_Task statement_
Please transcribe the data below in full, word for word, without the images.

_Provided data_
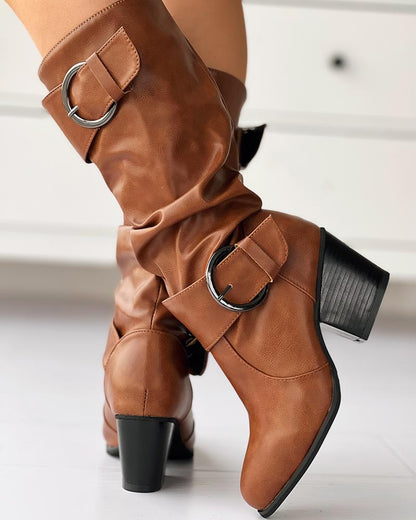 Chic Orthopedic Boots with Unique Design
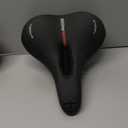 Wittkop Bike Seat I Bicycle Seat for Men and Women, Waterproof Bike Saddle with Innovative 5-Zone-Concept I Exercise Bike Seat for BMX, MTB & Road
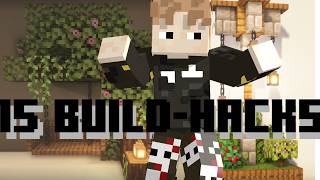 15 Minecraft Build Hacks, die du 2026 kennen MUSST!
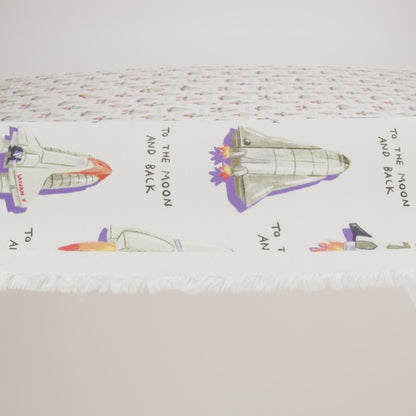 Mood Exclusive One Small Step Viscose Poplin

_Result_
 Chic Orthopedic Boots with Unique Design
 Wittkop Bike Seat I Bicycle Seat for Men and Women, Waterproof Bike Saddle with Innovative 5-Zone-Concept I Exercise Bike Seat for BMX, MTB & Road
 15 Minecraft Build Hacks, die du 2026 kennen MUSST!
 Mood Exclusive One Small Step Viscose Poplin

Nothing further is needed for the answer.